Blessings to you this Holy Saturday.
May our Lord Jesus Christ, Your Son, Who alone by His powerful word governs all things, yet has buried the shame of the Cross and iron bonds, who has broken the bars of the bronze doors and has descended into hell, who has shone with the brightness of a new light on those who were sitting in the shadow of death, may He, the sun of justice, rising from the tomb, shine upon our darkness with the marvelous light of his risen Body.
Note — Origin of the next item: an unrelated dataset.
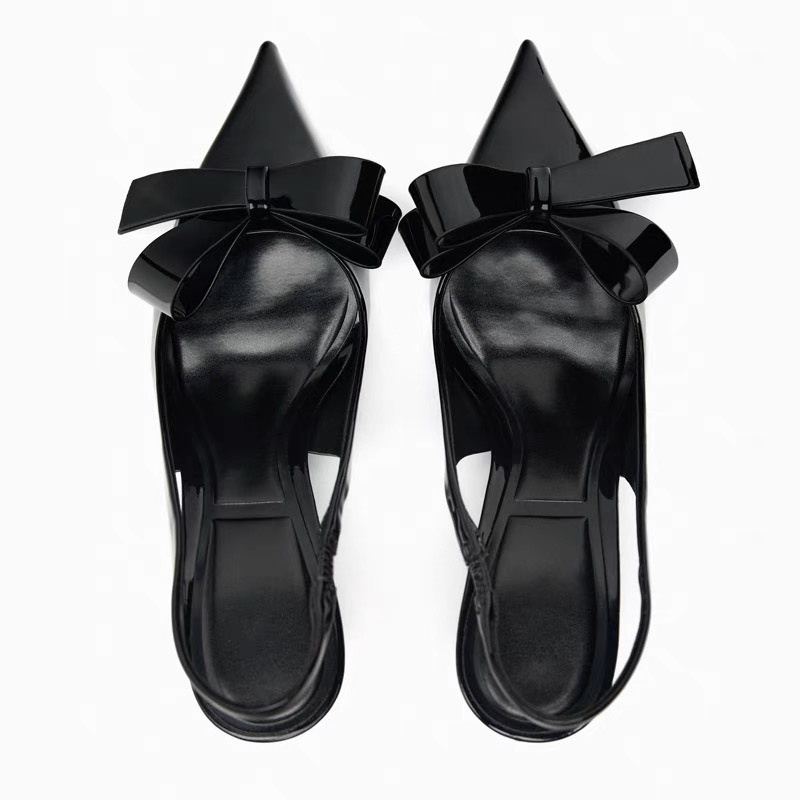 Giày cao gót mũi nhọn gắn nơ thời trang nữ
I enjoy this blog. Can’t help but want to have a little fun and help Augustine out here, if there is such a thing! He could have just done better in the focus of his interpretation of the allegorical reading. As a historical reading the text itself almost cries for an allegorical reading??? Abraham does not receive the due consequences of his deceitfulnes, and genuinely, (not falsely), prospers for telling an untruth. That’s a little crazy, for a righteous man. There is a little trouble with that in a historical reading that I’m thinking he’d like to have a talk with you about 😉 Anyway, he leaves with more than what he came with and his wife remains untouched. There is room for allegory here to embrace what historical reading does as well, (it doesn’t seem recommended or claim to be absolutely inconsequential), but it pictures the grace, mercy, and favor of God toward those who are his, when we blow it. How does one without perfection…? Well, God of course! “Not of works, lest any man should boast.”